## SOURCE MATERIAL

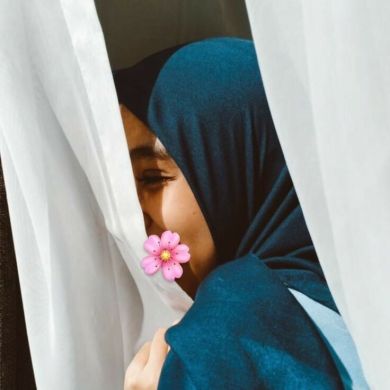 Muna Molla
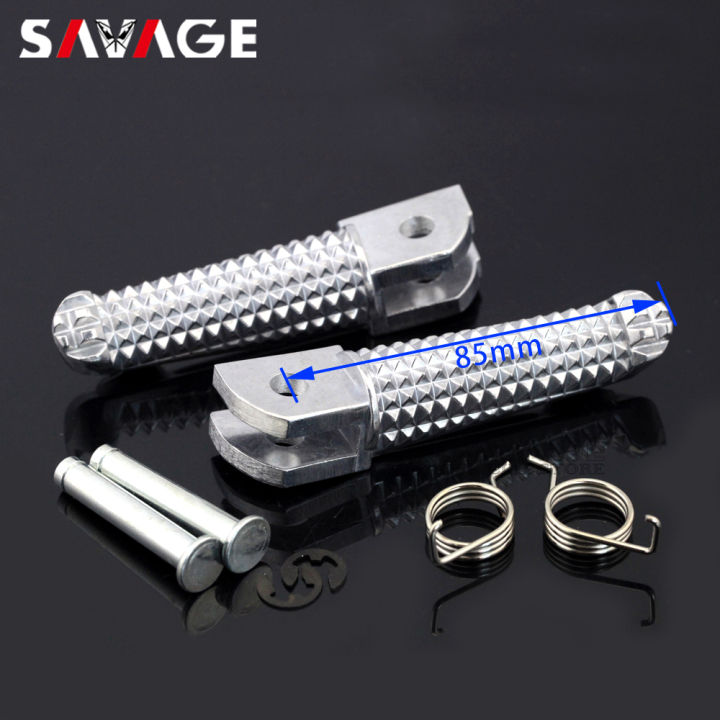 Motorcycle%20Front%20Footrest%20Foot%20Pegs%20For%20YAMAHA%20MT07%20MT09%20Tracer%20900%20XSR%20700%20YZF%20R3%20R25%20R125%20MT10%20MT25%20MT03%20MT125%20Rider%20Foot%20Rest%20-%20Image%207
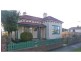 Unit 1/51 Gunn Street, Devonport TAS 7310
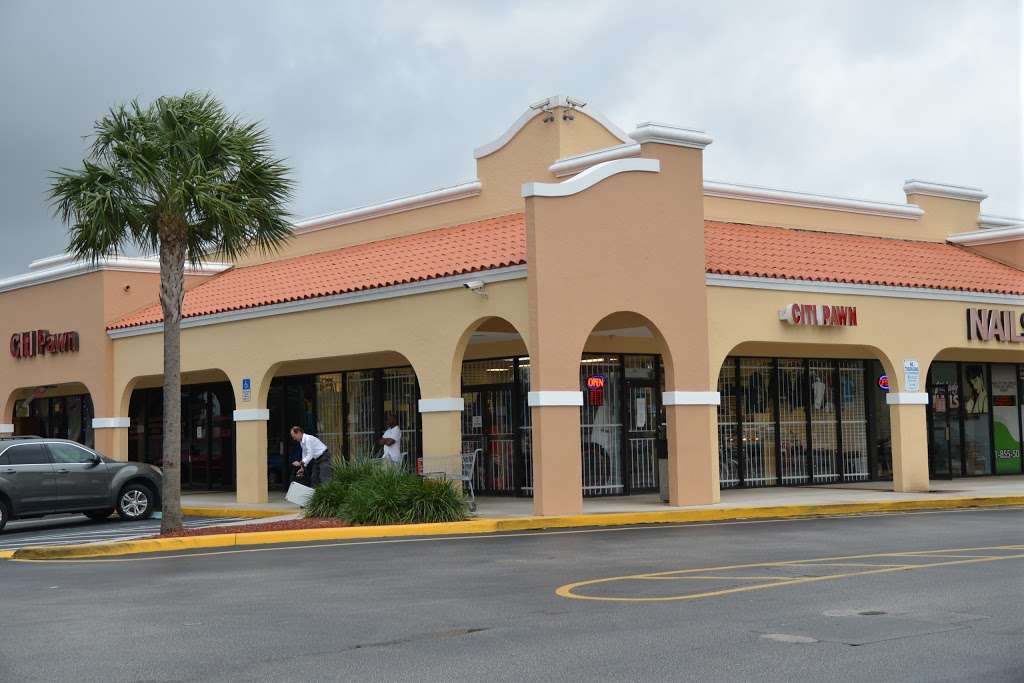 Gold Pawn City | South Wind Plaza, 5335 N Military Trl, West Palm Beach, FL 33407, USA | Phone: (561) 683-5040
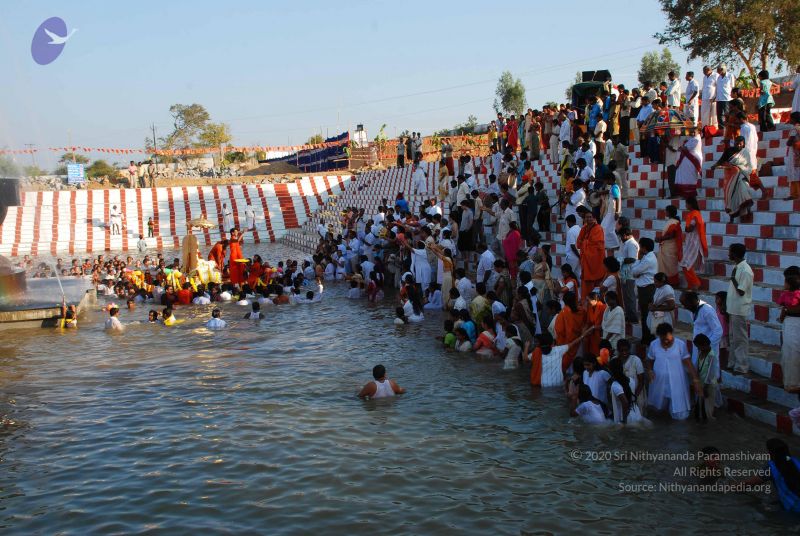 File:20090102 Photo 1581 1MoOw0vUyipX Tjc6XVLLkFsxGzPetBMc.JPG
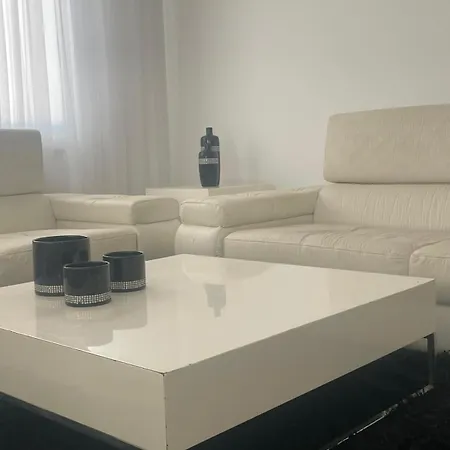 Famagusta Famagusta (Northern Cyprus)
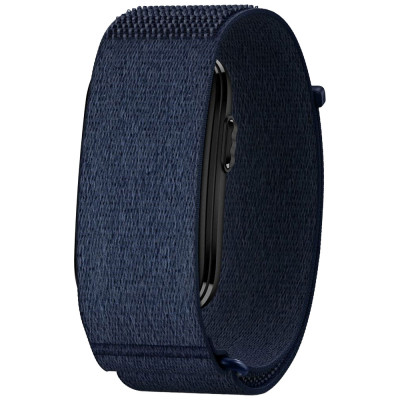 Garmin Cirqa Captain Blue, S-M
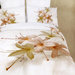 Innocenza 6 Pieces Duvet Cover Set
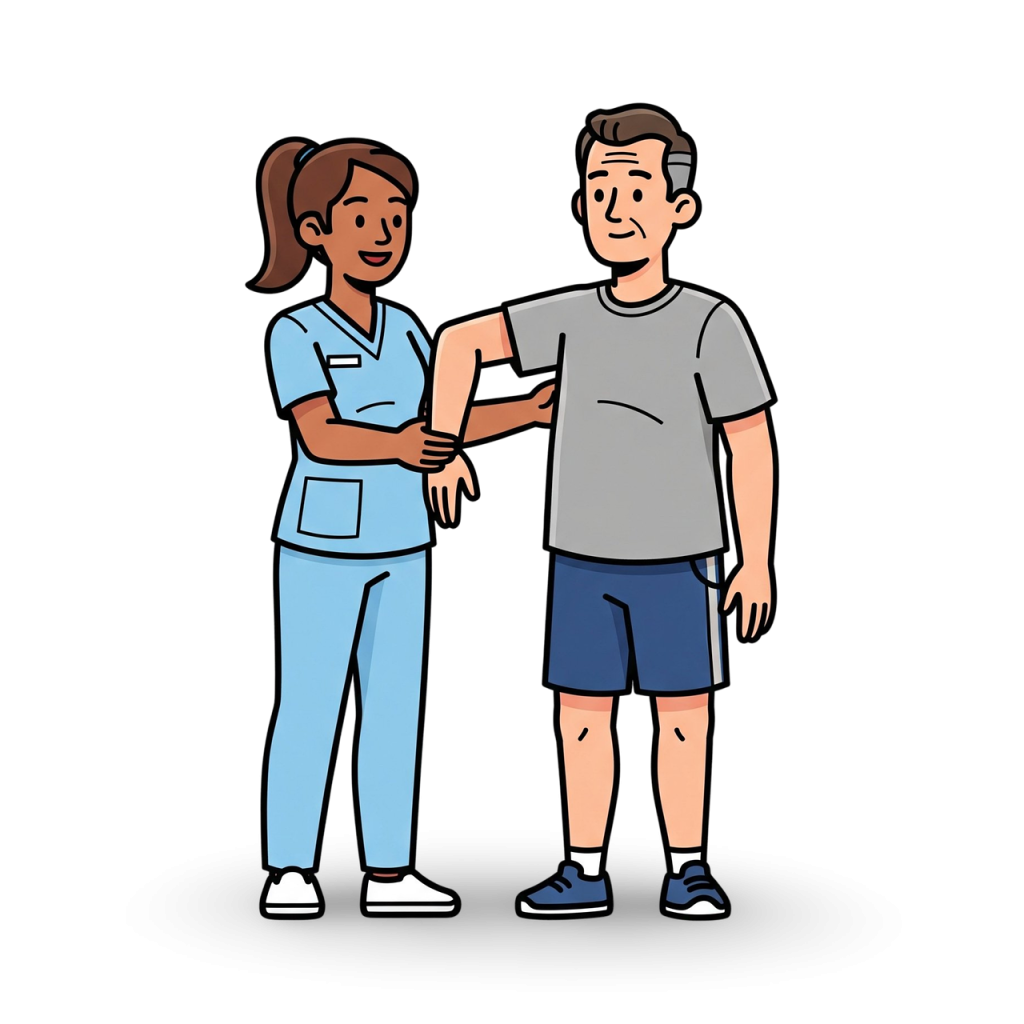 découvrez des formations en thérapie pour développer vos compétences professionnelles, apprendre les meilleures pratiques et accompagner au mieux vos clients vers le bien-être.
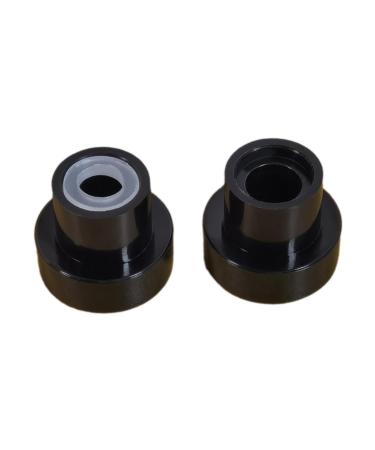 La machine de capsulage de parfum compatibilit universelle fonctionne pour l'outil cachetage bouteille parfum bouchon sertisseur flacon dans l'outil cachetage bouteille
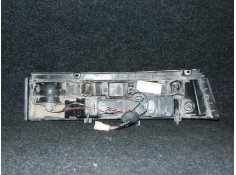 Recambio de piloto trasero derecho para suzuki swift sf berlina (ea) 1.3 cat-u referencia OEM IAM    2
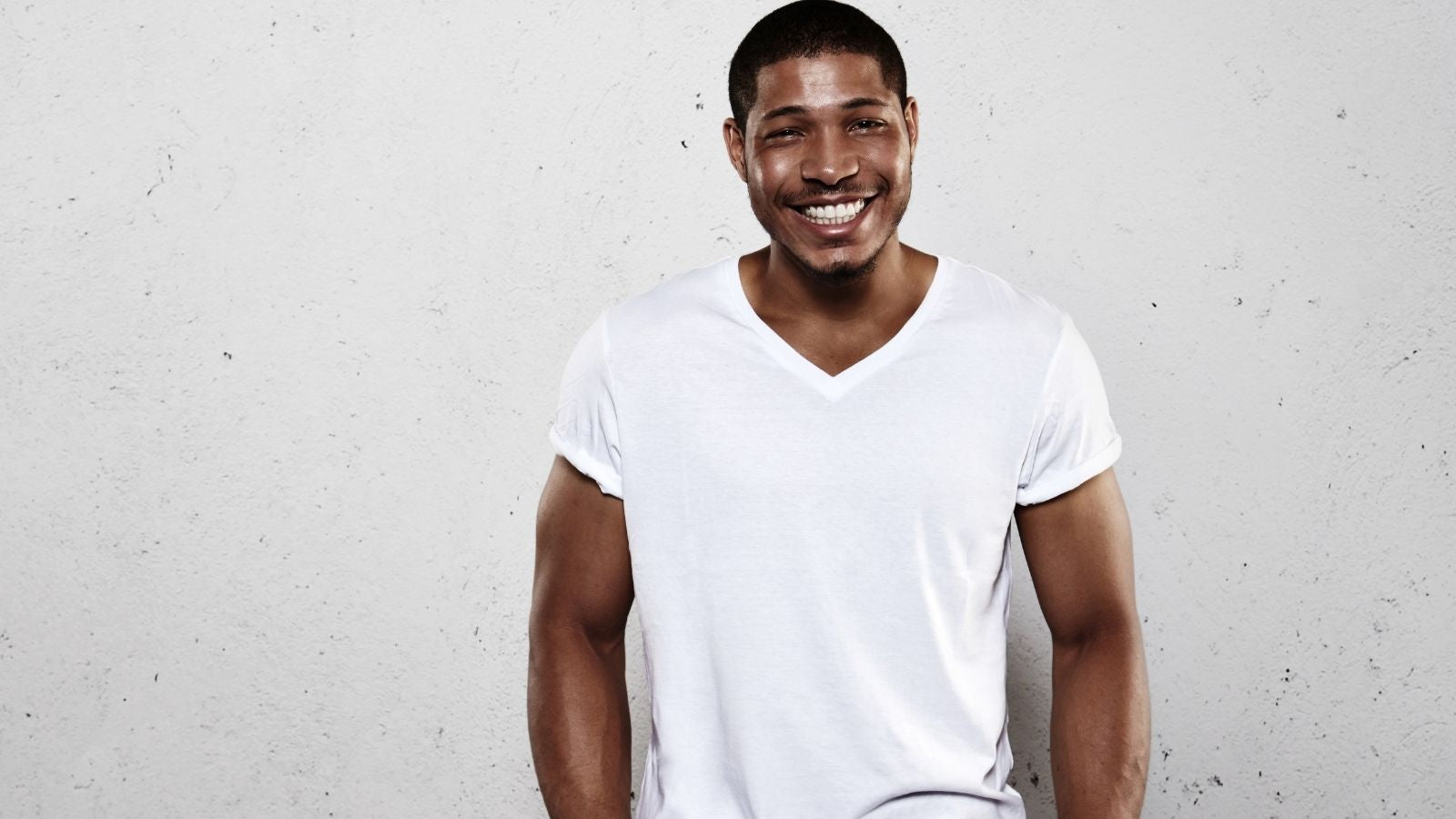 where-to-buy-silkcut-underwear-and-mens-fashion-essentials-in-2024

## WHAT YOU HAVE TO DO
Can the entries above be repeated exactly, without their pictures?

## RESPONSE AREA
 Muna Molla
 Motorcycle%20Front%20Footrest%20Foot%20Pegs%20For%20YAMAHA%20MT07%20MT09%20Tracer%20900%20XSR%20700%20YZF%20R3%20R25%20R125%20MT10%20MT25%20MT03%20MT125%20Rider%20Foot%20Rest%20-%20Image%207
 Unit 1/51 Gunn Street, Devonport TAS 7310
 Gold Pawn City | South Wind Plaza, 5335 N Military Trl, West Palm Beach, FL 33407, USA | Phone: (561) 683-5040
 File:20090102 Photo 1581 1MoOw0vUyipX Tjc6XVLLkFsxGzPetBMc.JPG
 Famagusta Famagusta (Northern Cyprus)
 Garmin Cirqa Captain Blue, S-M
 Innocenza 6 Pieces Duvet Cover Set
 découvrez des formations en thérapie pour développer vos compétences professionnelles, apprendre les meilleures pratiques et accompagner au mieux vos clients vers le bien-être.
 La machine de capsulage de parfum compatibilit universelle fonctionne pour l'outil cachetage bouteille parfum bouchon sertisseur flacon dans l'outil cachetage bouteille
 Recambio de piloto trasero derecho para suzuki swift sf berlina (ea) 1.3 cat-u referencia OEM IAM    2
 where-to-buy-silkcut-underwear-and-mens-fashion-essentials-in-2024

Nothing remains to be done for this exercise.